Apparently, the Canadians were unable to mount a totally successful defense based on exceptions in WTO law, which are intended to protect government procurement and environmental policies to a degree. We will not know the full implications of the Ontario feed-in tariff case for future WTO challenges to similar green economy programs until the final tribunal opinion is published in November and perhaps not until final review by the WTO Appellate Body. There are, however, good reasons to be apprehensive. The November opinion could establish a legal template that substantially chills such government incentives for renewable energy and a green economy.
Stepping back from the policies and legal questions that are immediately at issue in the Ontario feed-in tariff case, the most unsettling thing is that the lawsuit is not isolated -- it is part of a trend. In the past year, we have witnessed an alarming rise of international trade disputes that are posing significant risks to global efforts to curb climate change. An international trade war over solar products is currently reaching a boiling point. Likewise, in another example, officials in California are bracing for a potential NAFTA suit by Canadian tar sands producers, who are arguing that the state’s Low Carbon Fuel Standard unfairly discriminates against “like” products. Trade tribunals that focus on theoretical free market efficiency are becoming the de facto authoritative forums for resolving international disputes over climate policy.
The Ontario program is intended to promote growth in clean and renewable energy sources by encouraging energy conservation, investing in renewable energy production and creating green jobs.
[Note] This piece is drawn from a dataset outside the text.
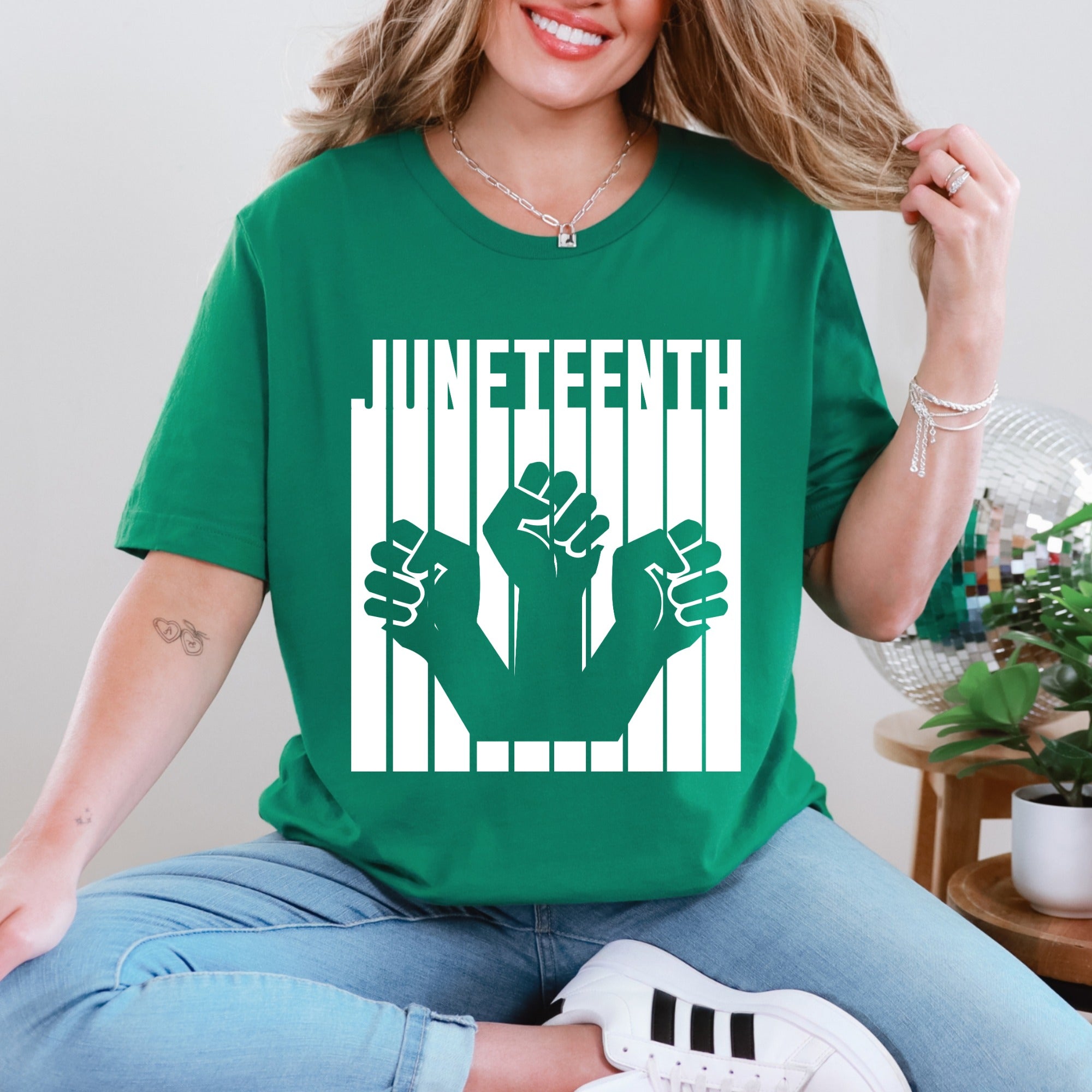 Juneteenth | Freedom & Unity Tee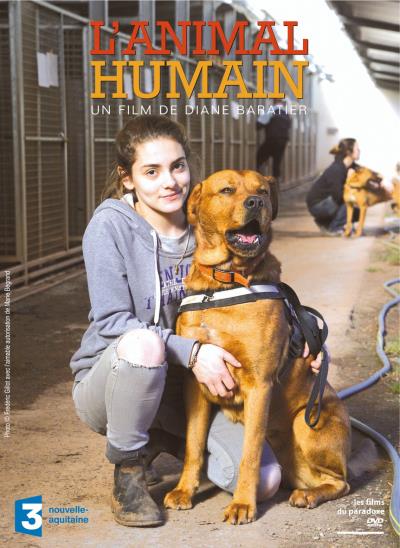 L'animal humain DVD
Essentially, the Ontario feed-in tariff guarantees electricity purchase prices, grid access, and long term contracts to renewable energy producers. Feed-in tariff programs that provide financial incentives for green energy production have been implemented successfully in Germany and other national and local jurisdictions.
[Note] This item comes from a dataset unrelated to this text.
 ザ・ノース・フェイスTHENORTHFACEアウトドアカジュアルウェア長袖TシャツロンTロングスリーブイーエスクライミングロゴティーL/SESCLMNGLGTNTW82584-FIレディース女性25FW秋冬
The Ontario feed-in tariff program includes a provision that requires developers to have a certain percentage of their project costs come from Ontario goods and labor. This “made-in-Ontario” provision mandates that most renewable energy suppliers use a minimum level of equipment produced in Ontario in order to qualify for price guarantees and grid access. For example, wind projects require a minimum of 25 percent local content and solar projects require a minimum 60 percent. This is the element of the Ontario program that most concerned Japan and the E.U. -- and ultimately the WTO tribunal.
The rationale behind the Ontario program is two-fold: incentivizing clean energy generation .and local job creation. Ontario hoped to create 50,000 jobs by 2012 and eliminate its coal-fired power stations by 2014. As a means of phasing out dirty energy production, Ontario hopes that the program will reduce its carbon footprint by 75 percent, explicitly justifying the program as means of meeting Kyoto Protocol obligations. (The Kyoto Protocol is an international environmental treaty with the aim of reducing signatories’ greenhouse gas emissions to benchmark 1990 levels.)
Response to the program in Canada has been generally positive. Almost immediately, investment boomed in Ontario’s renewable energy sector. By December 2009, Ontario had received over 1,000 applications from developers. In March 2010, provincial officials announced initiation of over 500 mid-scale projects with a total generating capacity of 112 mega watts. In April, the Ontario Power Authority began awarding contracts to large scale projects, totaling almost 2,500 mega watts of green energy. Of note is Samsung C&T’s 7 billion dollar investment to build 2,500 mega watts of wind and solar generating capacity. Altogether the Ontario program created 13,000 jobs by the end of 2010.
In addition, the program has been championed by many in the environmental and renewable energy communities. Al Gore commented that Ontario’s “green energy program is widely recognized now as the single best green energy legislation on the North American continent.” Michael Eckhart, President of the American Council on Renewable Energy said that “Ontario’s Green Energy Act and supporting initiatives are the most comprehensive renewable energy policy … anywhere in the world. Most importantly, it builds on worldwide experience to date on ‘what works’”
Status of the WTO suit
Japan and the European Union sued Canada in the WTO, alleging that the provisions in Ontario’s program favoring local firms providing renewable energy products violated WTO rules of non-discrimination, subsidies and foreign investor rights. Among other legal arguments, the Canadian government and Canadian civil society organizations claimed that the program fit under exceptions to the relevant WTO law for government procurement and for protection of the environment.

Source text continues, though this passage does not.